=== Section Start ===

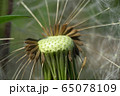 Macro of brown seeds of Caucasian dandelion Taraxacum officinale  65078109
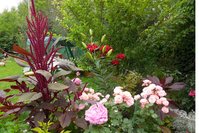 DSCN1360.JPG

=== Section End ===
=== Section Start ===

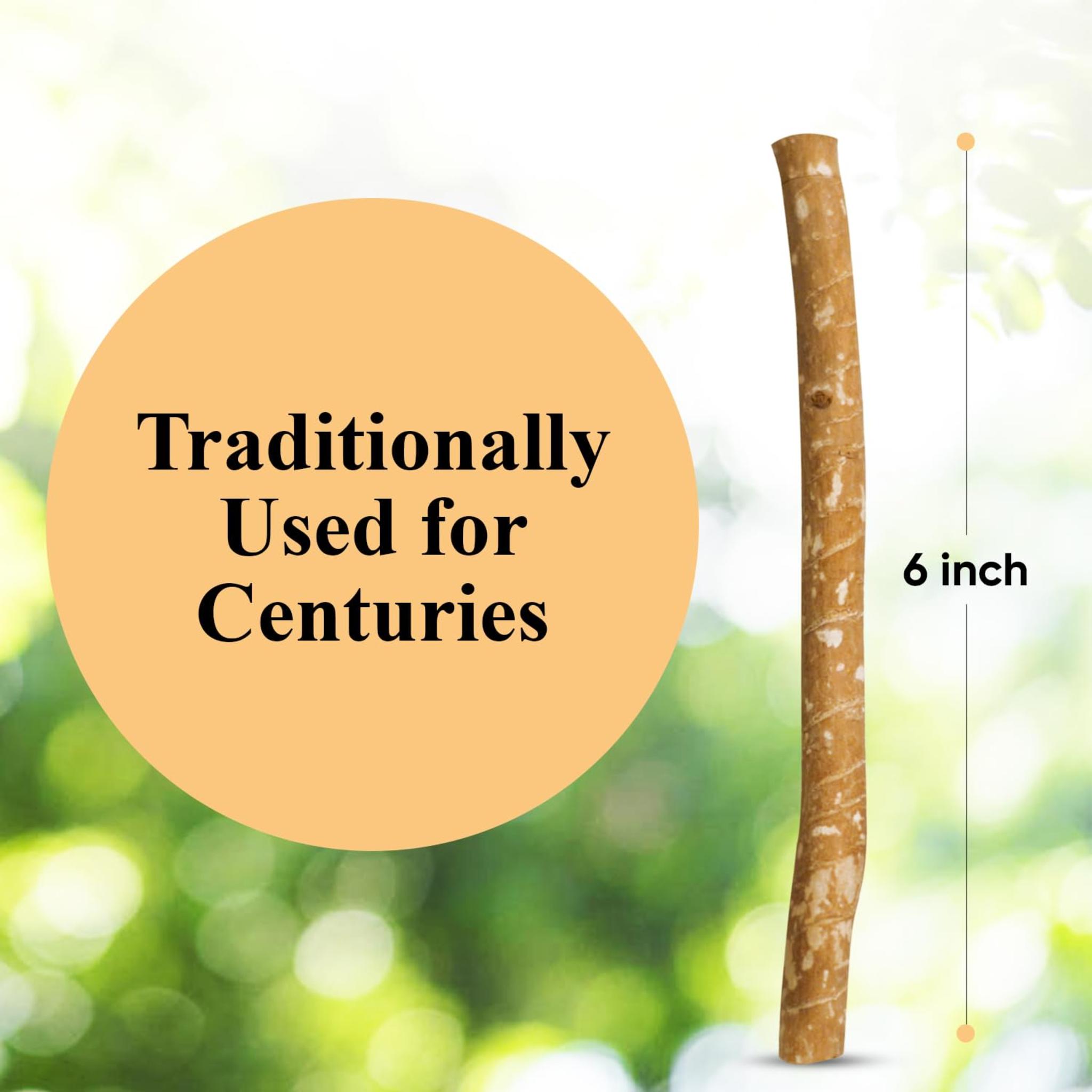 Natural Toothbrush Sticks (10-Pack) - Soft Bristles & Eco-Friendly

=== Section End ===
=== Section Start ===

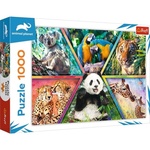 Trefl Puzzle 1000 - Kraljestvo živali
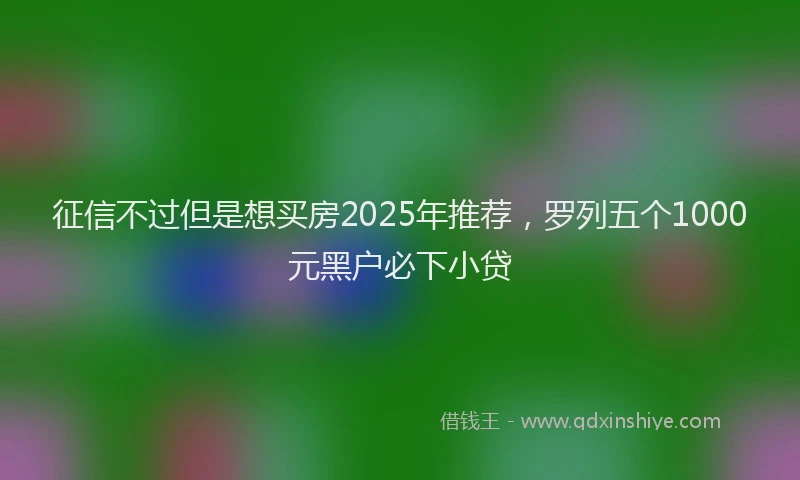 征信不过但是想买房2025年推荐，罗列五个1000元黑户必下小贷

=== Section End ===

- _WORK INSTRUCTION_: Reproduce word for word, with pictures dropped, only the part of the material above that opens with the line containing "Macro of brown" and closes with the line containing "DSCN1360.JPG".

- _EXERCISE SOLUTION_:
 Macro of brown seeds of Caucasian dandelion Taraxacum officinale  65078109
 DSCN1360.JPG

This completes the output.